Hinzu kommt ja, das ARM nur entwickelt. Entsprechende Fertigungskapazitäten müssen geschaffen und Interessenten gefunden werden. An sich aber eine gute Sache da der Programmieraufwand deutlich geringer ausfällt.
Entsprechend aber auch Leistung und Umfang geringer ist...


----------



## fuddles (5. Februar 2011)

*AW: ARM will in den PC-Markt, Ivy Bridge kommt mit DDR3-1600 Unterstützung*

Ich sehe da nur noch mehr Software Inkompatibilitäten auf uns zu kommen.
Man braucht dann Zuhause ein X86 System, ein ARM System, ein RISC System, 2-3 Cloud Systeme^^


----------



## Mazrim_Taim (5. Februar 2011)

*AW: ARM will in den PC-Markt, Ivy Bridge kommt mit DDR3-1600 Unterstützung*

würde mich fragen wo genau die landen wollen.
Sehr günstige CPUs gibt es schon lange; Dual Core ab 40€ von AMD / Intel.
Ich will aber auch deutlich mehr Leistung als ein Atom bzw. DC Atom liefern kann.


----------



## Superwip (5. Februar 2011)

*AW: ARM will in den PC-Markt, Ivy Bridge kommt mit DDR3-1600 Unterstützung*



> Ich sehe da nur noch mehr Software Inkompatibilitäten auf uns zu kommen.
> Man braucht dann Zuhause ein X86 System, ein ARM System, ein RISC System, 2-3 Cloud Systeme^^



Niemand braucht ein "Cloud System", da man von jedem Internetfähigen Gerät mehr oder weniger uneingeschränkt auf die Cloud zugreifen kann.

Sollten ARM CPUs wirklich so an Bedeutung gewinnen, was kaum vorstellbar ist, dass irgendwelche essentielle Software nurnoch für ARM und nichtmehr für X86 verfügbar ist werden die MB Hersteller vermutlich mit ARM Koprozessoren kontern

Und RISC?
RISC steht nur für "Rechner mit reduziertem Befehlssatz", in diese Kathegorie fallen eine ganze Reihe an völlig unterschiedlichen und inkompatiblem CPU Architekturen wie eben ARM, aber auch PPC, SPARC oder auch Super-H; wer ein ARM System hat hat demnach bereits ein RISC System aber das alleine sagt noch nicht viel aus...



> Sehr günstige CPUs gibt es schon lange; Dual Core ab 40€ von AMD / Intel.



Das ist nicht günstig; ARM CPUs bzw.
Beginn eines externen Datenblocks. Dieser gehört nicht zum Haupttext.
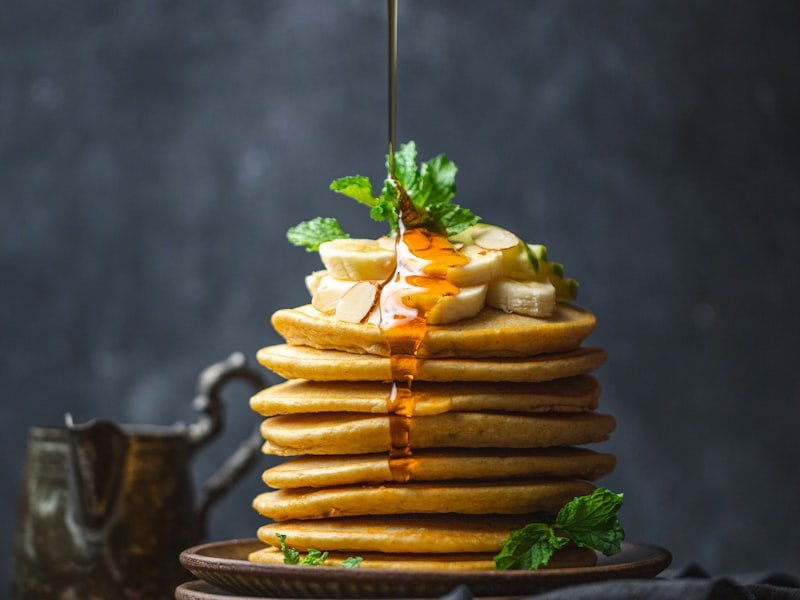Stack of golden pancakes with maple syrup pour at a brunch event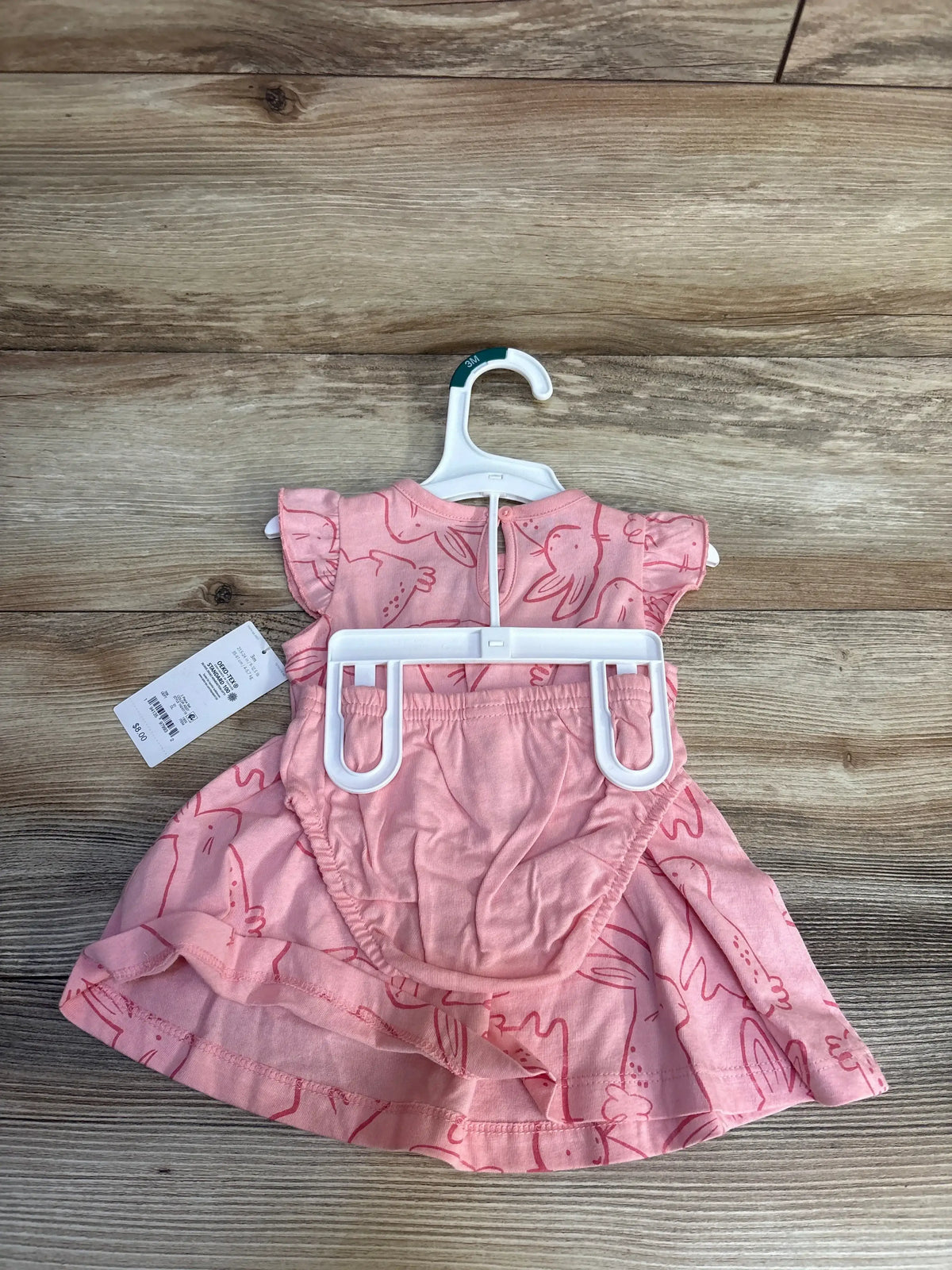 Pink baby dress with bunny print, size 3M, on hanger for resale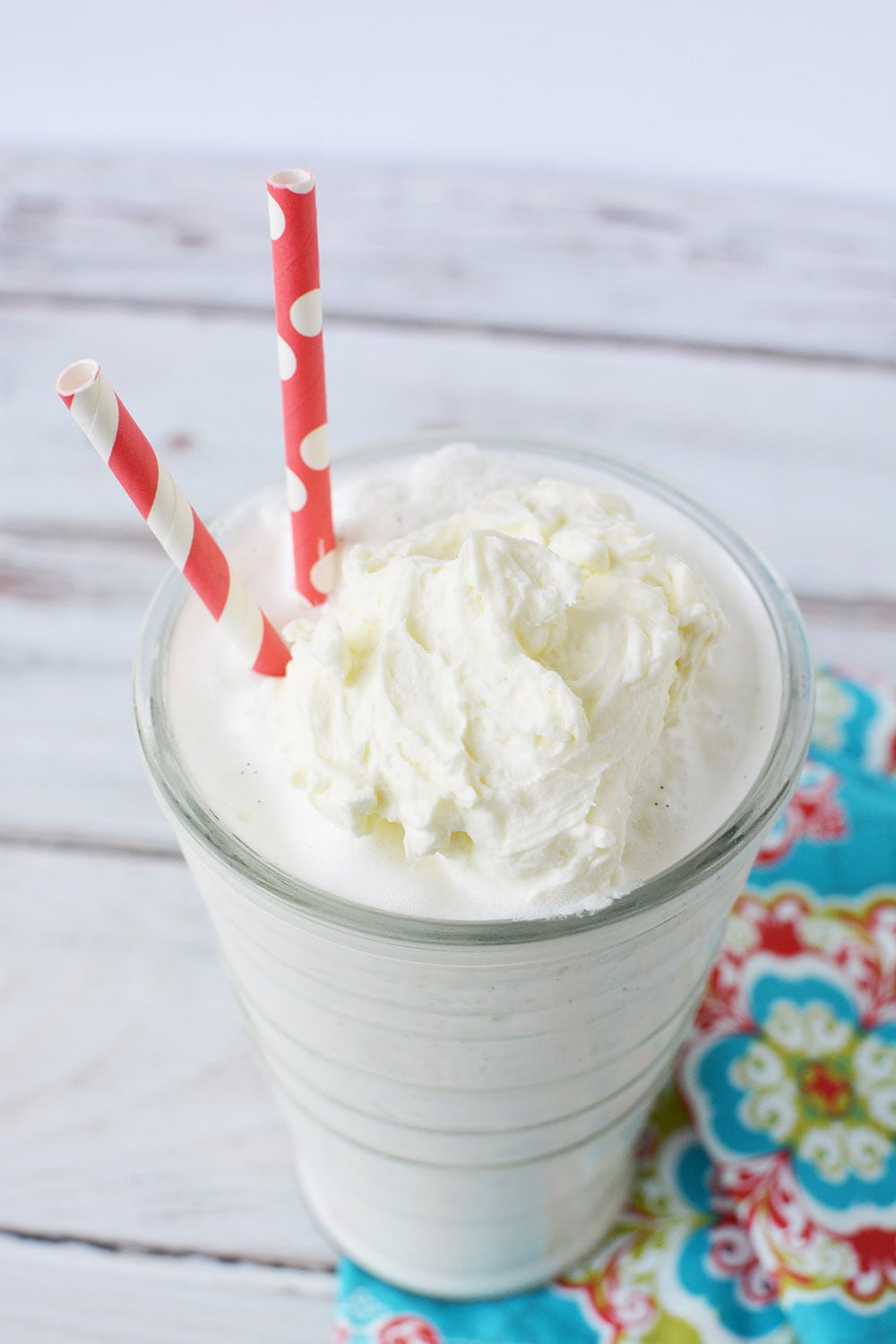 Blended vanilla bean frappe in a glass with two red straws.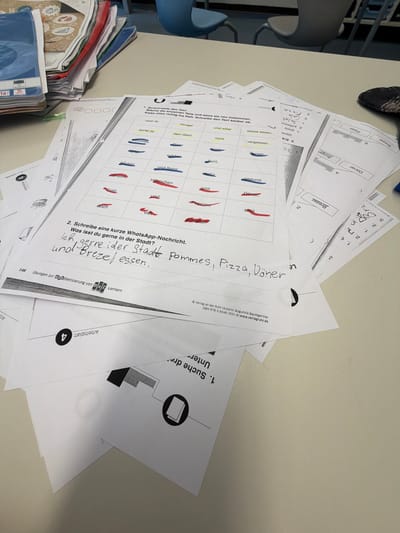 The image depicts a close-up, top-down view of a desk littered with papers and other stationery. The primary focus is on a worksheet with a grid of words, some of which are highlighted in red and yellow. Below this worksheet, a handwritten message in German reads: "Ich esse gerne in der Stadt Pommes, Pizza, Döner und Brezeln." This translates to "I like to eat fries, pizza, doner, and pretzels in the city." Another worksheet visible in the lower right corner is from "Verlag an der Ruhr | Autorin: Bogumila Baumgartner ISBN 978-3-8346-3551-8 | www.verlagsruhr.de." This information indicates the materials are likely from a German educational publisher. The presence of "Dorsten" is not explicitly mentioned in the image itself, but "Verlag an der Ruhr" implies a connection to the Ruhr region of Germany, where Dorsten is located. The overall scene suggests a classroom or study environment, with papers, pens, and other learning materials spread out.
SoCs kosten teils weit unter 10€...


----------



## Jan565 (5. Februar 2011)

*AW: ARM will in den PC-Markt, Ivy Bridge kommt mit DDR3-1600 Unterstützung*

3 CPU Hersteller, das wird lustig. Mal sehen wer den Anteil verliert?


----------



## Superwip (5. Februar 2011)

*AW: ARM will in den PC-Markt, Ivy Bridge kommt mit DDR3-1600 Unterstützung*



Jan565 schrieb:


> 3 CPU Hersteller, das wird lustig. Mal sehen wer den Anteil verliert?


 
Es gibt schon heute weit mehr als 3 CPU Hersteller und alleine 3 X86 Hersteller (Intel, AMD, VIA)

Das wird sich demnach auch in Zukunft kaum ändern, in dieser News wurde jedenfalls nichts dergleichen angekündigt


----------



## wuselsurfer (6. Februar 2011)

*AW: ARM will in den PC-Markt, Ivy Bridge kommt mit DDR3-1600 Unterstützung*



Superwip schrieb:


> ... Und RISC?
> RISC steht nur für "Rechner mit reduziertem Befehlssatz", in diese Kathegorie fallen eine ganze Reihe an völlig unterschiedlichen und inkompatiblem CPU Architekturen wie eben ARM, aber auch PPC, SPARC oder auch Super-H; wer ein ARM System hat hat demnach bereits ein RISC System aber das alleine sagt noch nicht viel aus...


Nur mal so zu RISC:
die meisten x86er *CISC*-Prozessoren sind größtenteils mit RISC ALUs gebaut.
Die CISC-Befehle werden vor Eintritt in die Verarbeitung zu RISC verhackstückt.


----------



## fuddles (6. Februar 2011)

*AW: ARM will in den PC-Markt, Ivy Bridge kommt mit DDR3-1600 Unterstützung*



> Niemand braucht ein "Cloud System", da man von jedem Internetfähigen Gerät mehr oder weniger uneingeschränkt auf die Cloud zugreifen kann.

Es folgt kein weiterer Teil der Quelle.